Ao me perguntarem “Onde você se vê daqui a cinco anos?”, em uma dessas entrevistas de RH, nem mencionei o livro que estava lendo na recepção antes de entrar. Meus livros favoritos eram O Apanhador no Campo de Centeio, O guia do mochileiro das galáxias, Simulacros e Simulação e Grande Sertão: Veredas, e eu era um estudante de comunicação com muitas ambições no primeiro ano de faculdade, que passou a ficar sem opções à época da formatura. Eu amava sobretudo o cinema, Godard, Tarantino, Scorsese, Sganzerla e Hitchcock (ainda admiro muito a obra de cada um deles). Mas há cinco anos eu não imaginaria participar de um site sobre literatura.
O Meia Palavra, como sua própria descrição diz, começou às avessas e não era nem um rascunho de site de literatura. Era um fórum de discussões onde calhou, na mesma época, de terem pessoas tão apaixonadas para comprarem a ideia de escrever sobre suas leituras mais recentes e favoritas sem compromisso algum. Ok, não digo que chegamos aqui com um mínimo esforço ou golpe de sorte, a batalha foi árdua, as pessoas do começo se foram, outras chegaram e aqui estamos.

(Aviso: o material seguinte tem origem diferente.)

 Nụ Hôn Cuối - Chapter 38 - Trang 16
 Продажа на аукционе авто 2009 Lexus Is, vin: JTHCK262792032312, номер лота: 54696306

Fui questionado duas vezes com essa pergunta padrão e insincera de psicólogos de RH, e em ambas as ocasiões, dei uma resposta evasiva tal qual um aluno que tem aulas de filosofia no colégio e responde uma questão sobre Platão apenas enchendo linguiça. Nos dias de hoje, a minha resposta seria equivalente a “Não se preocupe, eu tenho um plano”.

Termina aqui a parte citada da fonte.